Bank of Canada cuts key rate to 3% as inflation remains at 2 per cent
Canada’s central bank has cut interest rates for a sixth consecutive time as inflation remains around two per cent and the threat of U.S. tariffs looms.
The 25-basis point cut comes as the Bank of Canada forecasts GDP growth will strengthen in 2025 if there is no trade war with the United States.
In his speech to reporters, Bank of Canada Governor Tiff Macklem said while tariffs are top of mind, they were not factors in the rate cut and the monetary policy report (MPR) released today.
“Since scope and duration of a possible trade conflict are impossible to predict, the MPR projection we published today provides a baseline forecast in the absence of tariffs,” said Macklem.
While the threat of tariffs remains a major source of uncertainty, Bank of Canada officials say there are a number of possible scenarios which makes it difficult to assess the economic impacts.
Macklem says a protracted and broad-based trade war would hurt economic activity in Canada with the higher cost of imported goods putting direct upward pressure on inflation.

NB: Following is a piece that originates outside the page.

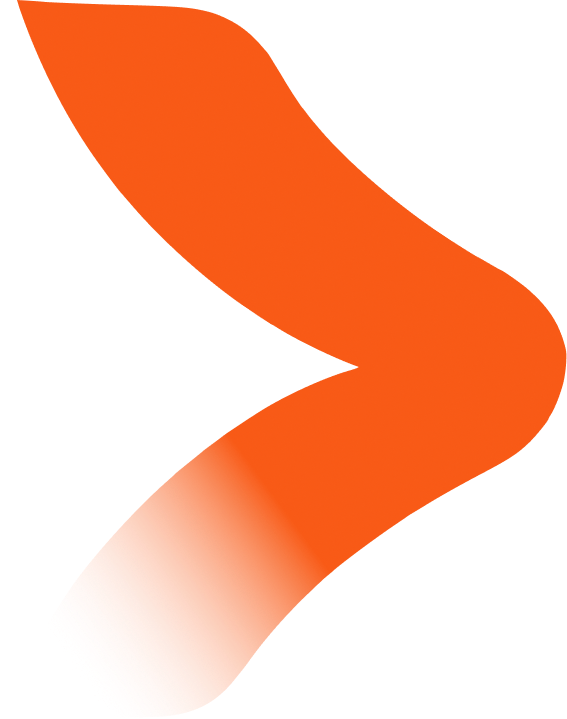 Orange ribbon curving like a bent arrow on a white background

“Unfortunately, tariffs mean economies simply work less efficiently – we produce and earn less than without tariffs,” Macklem told reporters. “Monetary policy cannot offset this. What we can do is help the economy adjust.”
With inflation back around the two per cent target, Macklem says the central bank is in a better position to be a source of economic stability.
What could tariffs do?
The central bank has started looking at the different scenarios and the consequences of a trade war with the United States.
One model presented in the bank’s monetary policy review shows a scenario where 25 per cent tariffs applied by both Canada and the U.S. would result in a 2.5 per cent drop of GDP in this country in the first year and a 1.5 per cent drop in GDP in the second year.
Based on those numbers, it would put Canada into a recession.
If Canada and the U.S. both impose 25 per cent tariffs on each other, the bank’s MPR predicts lower GDP growth and higher inflation in both countries. The bank believes a trade conflict would have a negative impact on both exports and imports in Canada.
The bank predicts 25 per cent tariffs would worsen Canada’s trade balance and could lead to a depreciation of the Canadian dollar.
With less demand for Canadian goods, exporters could lower production and lay off workers. That resulting decline in business investment could significantly reduce GDP in Canada.